Tenorrhaphy answered 12/6, 2023 at 12:1 Comment(10)
Because literal pooling.Eggers
Why? You need a source for the initialization of the character array with a string. char array might be a local variable in a function, you must initialize it each time the function is called.Pulverulent
I understand you need a source to initialize a character array however how do we initialize local variables that store primitive types? We do not store the primitive type in the const data segment and then copy it over to the memory location of the variable. So my question is why don't we do the same for string literals in the case mentioned in my question.Tenorrhaphy
@Eggers aah that makes some sense. However the literal pool in c++ is stored in the data segment. However when I check the compiled assembly I see the string literal stored in the constant data segment. I am a bit confused hereTenorrhaphy
In addition to the previous comments, I would also point out that the only way of not storing the characters in read-only memory and initializing a string at run time at a memory location unknown at compile time (i.e. most locations, especially with -fPIC) would be to store the string in instructions’ “immediate” (payload) values. But that doesn’t really differ too much from storing it in read-only memory… In fact it’s almost no different, some low-level technical stuff (i-cache, d-cache) aside.Optics
I don't think this is entirely accurate. From the view of C++, there is no special read-only memory per-se. A string literal has type char const[N] for some positive N. The compiler is free to do with it as it pleases. All that C++ says is, "don't write to this object".Thrawn
I read that string literals are always stored in read only memory there is no such requirement it is compiler author choice. There are scenarios where string literal can be overridden since it initial value is not in used at runtime, like this global mutable variable: char foo[10] = "FooFoo";Stout
I read that string literals are always stored in read only memory -- No. It just means that the string-literal is read-only, and as mentioned, you were not supposed to change it. Where that string-literal is stored is another issue. I remember working with very old compilers (on Windows), where mistakingly changing a string-literal's contents didn't produce a crash. When such programs were ported to another OS (Linux or Unix), then the damage was seen.Hyperploid
Does this answer your question? String LiteralsScirrhous
@JanSchultke it does not. My question is what is the point of storing strings in read only memory and then copying it to a char array when we can directly store the string in the char array? There is no point of keeping it in the read only section of memory. It would only make sense if we were using a const char* or a const char array or something similarTenorrhaphy
S
2

I read that string literals are always stored in read only memory and it makes sense as to why.
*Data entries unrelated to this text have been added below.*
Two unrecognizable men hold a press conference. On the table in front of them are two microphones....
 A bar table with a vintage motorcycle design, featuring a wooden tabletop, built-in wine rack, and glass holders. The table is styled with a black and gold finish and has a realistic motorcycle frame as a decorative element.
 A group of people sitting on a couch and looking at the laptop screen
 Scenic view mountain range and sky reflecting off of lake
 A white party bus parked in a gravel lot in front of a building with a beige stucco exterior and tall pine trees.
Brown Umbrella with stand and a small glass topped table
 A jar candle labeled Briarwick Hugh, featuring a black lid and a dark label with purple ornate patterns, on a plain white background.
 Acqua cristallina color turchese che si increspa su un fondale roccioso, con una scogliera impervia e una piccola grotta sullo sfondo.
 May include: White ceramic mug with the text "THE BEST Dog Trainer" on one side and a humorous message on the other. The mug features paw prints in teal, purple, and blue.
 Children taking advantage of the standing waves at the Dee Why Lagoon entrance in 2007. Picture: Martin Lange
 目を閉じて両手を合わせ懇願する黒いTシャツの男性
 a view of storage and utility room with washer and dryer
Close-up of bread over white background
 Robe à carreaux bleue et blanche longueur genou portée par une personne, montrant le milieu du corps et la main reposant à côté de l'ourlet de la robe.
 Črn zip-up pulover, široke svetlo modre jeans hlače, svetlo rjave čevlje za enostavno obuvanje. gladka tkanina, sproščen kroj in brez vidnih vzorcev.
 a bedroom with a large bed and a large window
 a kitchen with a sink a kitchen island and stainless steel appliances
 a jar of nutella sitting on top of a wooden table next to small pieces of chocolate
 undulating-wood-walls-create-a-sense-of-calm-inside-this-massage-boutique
The storage location of string literals is implementation-defined. If compilers decide to emit a large string literal, it will usually be located in a read-only section of static memory, such as .rodata.

However, whether this is even necessary is up to the compiler. Compilers are allowed to optimize your code according to the as-if rule, so if the behavior of the program is the same with the literal being stored elsewhere, or nowhere at all, that is also allowed.

Example 1

int sum() {
    char arr[] = "ab";
    return arr[0] + arr[1];
}

With the following assembly output:

sum():
     mov eax, 195
     ret

In this case, because everything is a compile-time constant, there is no string literal or array at all. The compiler optimized it away and turned our code into return 195; by summing up the two ASCII characters a and b.

Example 2

void consume(const char*);

void short_string() {
    char arr[] = "short str";
    consume(arr);
}
short_string():
        sub     rsp, 24
        movabs  rax, 8391086215229565043
        mov     qword ptr [rsp + 8], rax
        mov     word ptr [rsp + 16], 114
        lea     rdi, [rsp + 8]
        call    consume(char const*)@PLT
        add     rsp, 24
        ret

Once again, no code was emitted that would keep the string in read-only memory, but it also wasn't away optimized completely. The compiler sees that the string short str is very short, so it treats its ASCII bytes as a number 8391086215229565043 and directly movs its memory onto the stack. consume() is called with a pointer to stack memory.

Example 3

void long_string() {
    char arr[] = "Lorem ipsum dolor [...] est laborum.";
    consume(arr);
}
long_string():
        push    rbx
        sub     rsp, 448
        lea     rsi, [rip + .L__const.long_string().arr]
        mov     rbx, rsp
        mov     edx, 446
        mov     rdi, rbx
        call    memcpy@PLT
        mov     rdi, rbx
        call    consume(char const*)@PLT
        add     rsp, 448
        pop     rbx
        ret
.L__const.long_string().arr:
        .asciz  "Lorem ipsum dolor sit amet, consectetur adipiscing elit, sed do eiusmod tempor incididunt ut labore et dolore magna aliqua. Ut enim ad minim veniam, quis nostrud exercitation ullamco laboris nisi ut aliquip ex ea commodo consequat. Duis aute irure dolor in reprehenderit in voluptate velit esse cillum dolore eu fugiat nulla pariatur. Excepteur sint occaecat cupidatat non proident, sunt in culpa qui officia deserunt mollit anim id est laborum."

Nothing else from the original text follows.